Why Other Options Are Wrong:

CPU_PER_CALL restricts the CPU time allowed for each individual call (like a SQL statement) but does not control combined service units across the entire session.

CPU_PER_SESSION limits the total CPU time a user’s session can use, but it measures only CPU time, not a weighted composite of different resource types.

ASM_POWER_LIMIT applies to Automatic Storage Management (ASM) rebalance operations, determining the power of rebalancing tasks, and is unrelated to user resource consumption or service units.

Explanation:

SQL Tuning Advisor is an automated Oracle tool that analyzes SQL statements and provides recommendations to improve their performance. It can run automatically during maintenance windows, evaluating high-load SQL and suggesting optimizations such as creating indexes, restructuring SQL, or gathering missing statistics. This proactive tuning helps improve query efficiency without requiring manual initiation each time.

Correct Answer:

SQL Tuning Advisor

Why Other Options Are Wrong:

SQL*Loader is a utility for bulk loading external data into Oracle tables and does not provide automated query tuning or performance improvements.

SQL Access Advisor helps design materialized views, indexes, and partitions for better performance, but it is not automatically started by the system; it requires manual execution and analysis.

SQL*Plus is a command-line interface for running SQL and PL/SQL commands, not a tuning or performance optimization tool.

Explanation:

Oracle’s undo management allocates undo space dynamically from the undo tablespace as transactions make changes. The database creates and extends undo segments and extents as needed to record before-images of changed data; this allocation is managed by the database engine rather than statically pre-assigned by an administrator. Undo segments are reused once the undo information is no longer needed (for committed transactions beyond the retention window), but the primary allocation behavior at change time is dynamic. Therefore the correct description is that segments (or extents within undo segments) are assigned dynamically whenever changes occur, under the control of the Oracle undo manager.

Correct Answer:

Segments are assigned dynamically each time a change is made.

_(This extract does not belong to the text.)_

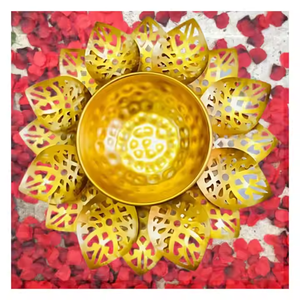 ขาตั้งจานโลตัสแบบหลายชั้นทันสมัย ทำจากเหล็กตีลาย พร้อมชามอูร์ลีและวงแหวนตกแต่ง สำหรับวางบนโต๊ะในงานเทศกาล ทำด้วยมือ - Product Image 6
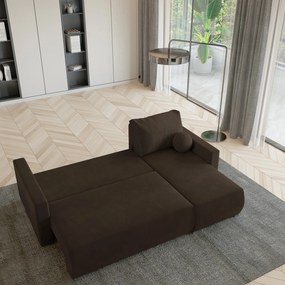 Masseno Narożnik SORGE z funkcją spania i pojemnikiem na pościel Narozniki L, Rozkładana sofa - Brązowy, POSO 06 + KRONOS 06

Why Other Options Are Wrong:

Segments are static and are configured by the database administrator.

This is incorrect because modern Oracle undo is not a static, manual assignment of permanent segments for each transaction. Although the DBA configures the undo tablespace and its size and can influence retention, the allocation of undo extents and segments happens automatically at runtime. The DBA does not manually allocate a fixed set of segments to individual transactions ahead of time. Treating undo segments as static would prevent Oracle from efficiently reusing and managing space under varying workloads.

Each transaction specifies how many segments are required for the transaction.

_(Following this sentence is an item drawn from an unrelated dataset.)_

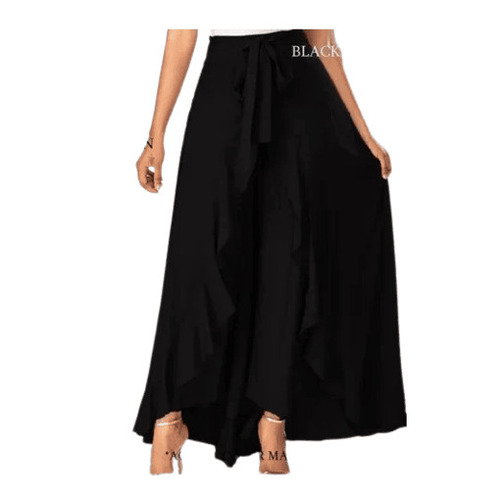 Ladies Ruffle Palazzo - Rayon, Ankle Length, Elastic Band | Anti-Wrinkle, Breathable, Quick Dry, All Season Wear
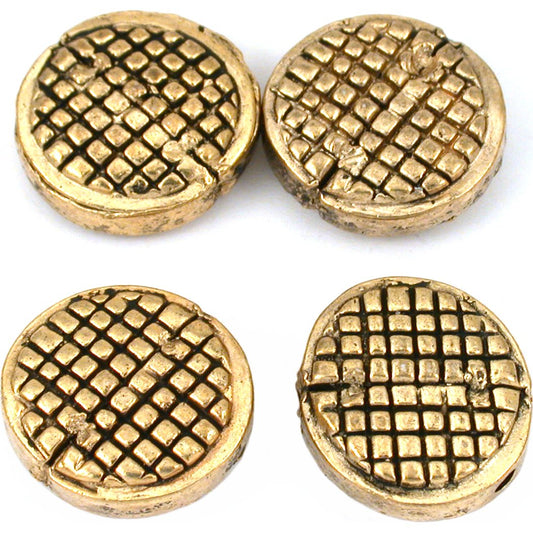 Disc Antique Gold Plated Beads 16mm 16 Grams 4Pcs Approx.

This option is wrong because transactions do not declare or reserve a number of undo segments beforehand. Transactions generate undo as they modify data, and Oracle’s undo manager allocates the necessary extents dynamically. There is no mechanism where the application or transaction tells Oracle “I need N segments”; such low-level allocation detail is handled by the database engine. Relying on transactions to specify segments would be impractical and is not how Oracle’s undo architecture is designed.

Each transaction uses segments that are released from prior transactions.

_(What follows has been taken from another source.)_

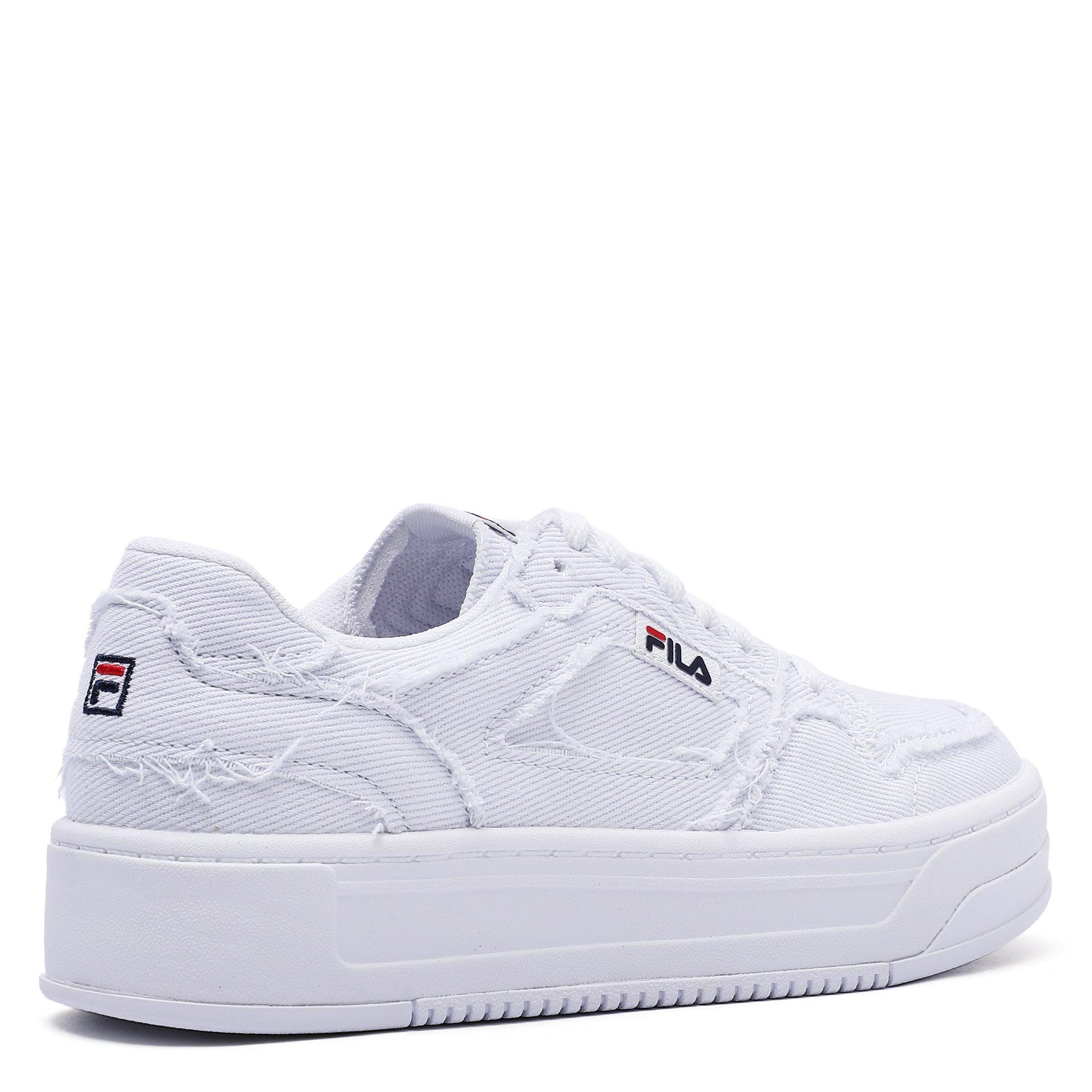 Wht/Wht/Wht - Fila - Court Ball White Denim Womens Platform Shoes - 6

This is partially misleading and therefore incorrect as stated. While Oracle does reuse undo space once older undo is no longer needed (making extents available for reuse), a transaction does not explicitly receive “released segments from prior transactions” in the sense implied here. Reuse occurs under the undo manager’s control based on retention and active usage. Moreover, reuse only happens when it’s safe (i.e., it won’t violate retention requirements or active queries), so transactions don’t simply take previously used segments arbitrarily.